Même si le travail à distance est désormais accessible à quasiment tous les corps de métier chez Computacenter, il y a aussi une grande partie de nos collaborateurs (Force de vente, Consultants, Techniciens - TRG -) qui sont nomades. Nous avons demandé d’aborder cet aspect lors des négociations pour mieux définir ce statut particulier mais nous doutons que ce sujet soit traité comme il se doit.

Plus généralement, et concernant votre point de vue macro-économique, nous pensons que le travail à distance est un accélérateur formidable du déploiement du réseau de communication Très Haut Débit (THD) de zones jusqu’alors sinistrées ; pourtant proches des grandes métropoles. Pour prendre un exemple concret, la fibre optique qui était prévue au mieux pour un raccordement possible au domicile d’un salarié au mois d’avril de cette année, est arrivée avec deux mois d’avance, ce qui lui a permis de disposer d’une connexion d’un débit de 2 Gb/s en descendant et 600 mo/s en montant.
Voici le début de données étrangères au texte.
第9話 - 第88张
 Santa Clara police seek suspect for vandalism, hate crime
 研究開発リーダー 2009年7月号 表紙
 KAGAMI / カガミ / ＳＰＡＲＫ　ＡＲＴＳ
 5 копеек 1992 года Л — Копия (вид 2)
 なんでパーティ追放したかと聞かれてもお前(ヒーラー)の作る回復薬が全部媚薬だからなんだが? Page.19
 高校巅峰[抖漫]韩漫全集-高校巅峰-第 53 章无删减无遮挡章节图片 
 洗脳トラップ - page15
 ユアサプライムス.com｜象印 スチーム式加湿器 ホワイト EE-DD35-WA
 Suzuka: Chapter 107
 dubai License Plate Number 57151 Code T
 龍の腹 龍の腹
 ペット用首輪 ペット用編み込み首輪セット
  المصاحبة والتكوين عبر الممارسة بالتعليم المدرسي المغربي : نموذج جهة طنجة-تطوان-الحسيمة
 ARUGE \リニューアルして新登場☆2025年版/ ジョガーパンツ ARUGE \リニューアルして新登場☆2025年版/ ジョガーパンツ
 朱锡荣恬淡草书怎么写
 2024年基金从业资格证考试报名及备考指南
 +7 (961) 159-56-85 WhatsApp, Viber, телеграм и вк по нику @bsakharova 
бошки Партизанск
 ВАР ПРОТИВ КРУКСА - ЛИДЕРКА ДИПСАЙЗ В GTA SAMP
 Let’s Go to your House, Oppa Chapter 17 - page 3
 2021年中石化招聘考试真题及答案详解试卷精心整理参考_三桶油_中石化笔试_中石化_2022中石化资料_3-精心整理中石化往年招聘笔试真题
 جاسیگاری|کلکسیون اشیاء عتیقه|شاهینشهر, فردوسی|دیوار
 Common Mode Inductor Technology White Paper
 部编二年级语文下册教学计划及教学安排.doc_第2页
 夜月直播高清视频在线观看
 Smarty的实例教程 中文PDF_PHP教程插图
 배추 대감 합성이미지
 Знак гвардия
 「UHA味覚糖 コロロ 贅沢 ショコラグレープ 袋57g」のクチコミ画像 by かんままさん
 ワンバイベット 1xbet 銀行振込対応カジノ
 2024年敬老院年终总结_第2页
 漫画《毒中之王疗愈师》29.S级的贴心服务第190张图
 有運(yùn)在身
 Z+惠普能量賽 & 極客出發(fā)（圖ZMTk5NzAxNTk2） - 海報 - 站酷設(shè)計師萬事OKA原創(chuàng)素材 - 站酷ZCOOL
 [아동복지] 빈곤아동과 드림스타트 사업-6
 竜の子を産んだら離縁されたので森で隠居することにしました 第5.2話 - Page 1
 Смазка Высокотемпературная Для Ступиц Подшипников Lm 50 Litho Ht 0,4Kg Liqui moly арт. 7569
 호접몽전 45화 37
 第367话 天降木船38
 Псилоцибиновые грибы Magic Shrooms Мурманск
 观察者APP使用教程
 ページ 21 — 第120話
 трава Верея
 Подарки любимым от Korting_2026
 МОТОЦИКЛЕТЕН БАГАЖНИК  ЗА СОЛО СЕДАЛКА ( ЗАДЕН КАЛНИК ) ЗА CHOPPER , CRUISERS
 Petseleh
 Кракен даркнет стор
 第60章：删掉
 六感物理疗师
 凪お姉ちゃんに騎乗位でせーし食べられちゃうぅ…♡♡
Le déploiement de la fibre optique et de la 5G va accélérer, quoiqu’on en pense, le travail à distance. Lors du premier confinement, de nombreux salariés habitants les grandes villes ont profité de déménager, soit pour changer de travail, soit pour exercer leur métier dans un cadre de vie plus agréable, et la tendance n’est pas prête à s’inverser. En effet, selon une étude de YouGov publiée fin novembre 2020, les Français sont 25% à vouloir déménager. Une part qui grimpe à 41% chez les 25-34 ans et à 33% chez les 35-44 ans. L’étude met aussi l’accent sur le fait que plus ils habitent une ville importante, plus les Français sont nombreux à souhaiter changer d’habitation. Dans les communes de plus de 100 000 habitants, 38% des habitants souhaitent déménager dans un an ou plus, qu’ils soient locataires ou propriétaires. Si 61% des habitants d’une métropole et de sa périphérie souhaitent se rapprocher de la campagne lors de leur prochain déménagement, ils ne sont que 14% à vouloir faire le chemin inverse. Chaque année, sept millions de Français déménagent.

Nombres d’entre eux qui travaillent pour des grands groupes (qui sont le cœur de cible notre société) devront être équipés avec des solutions informatiques complexes ne serait-ce que pour renforcer la sécurité entre leur réseau domestique et celui de l’entreprise... Là où vous voyez une extension du marché mondial des compétences (ce qui est vrai aussi), nous y voyons de nouvelles opportunités pour Computacenter (et donc de nouveaux emplois en local) à condition que nous sachons les saisir.

Enfin, à la CFTC, nous sommes persuadés que le triptyque salaires-emplois-compétences n’est pas antinomique dans un grand groupe tel que Computacenter, tourné vers l’avenir, qui se veut agile et appelé à le devenir encore plus. A cela nous y rajoutons la Qualité de Vie au Travail, qui est aussi un critère de choix pour attirer et conserver des compétences dont nous avons besoin. Le travail à distance en fait partie, et c’est la raison pour laquelle il nous parait indispensable de réussir cette transition vers ce nouveau mode d’organisation du travail. Le seul moyen d’y parvenir est de considérer cette transition comme un véritable investissement qui sera à terme créateur de richesses et non comme une dépense supplémentaire à laquelle on ne peut échapper.

Nous vous remercions d’avoir pris de votre temps pour avoir lu notre courrier jusqu’au bout et nous espérons que notre vision, nos arguments apporteront à votre réflexion.
Nous espérons aussi obtenir les moyens financiers et organisationnels suffisants pour que cette transition soit le symbole d’un véritable succès.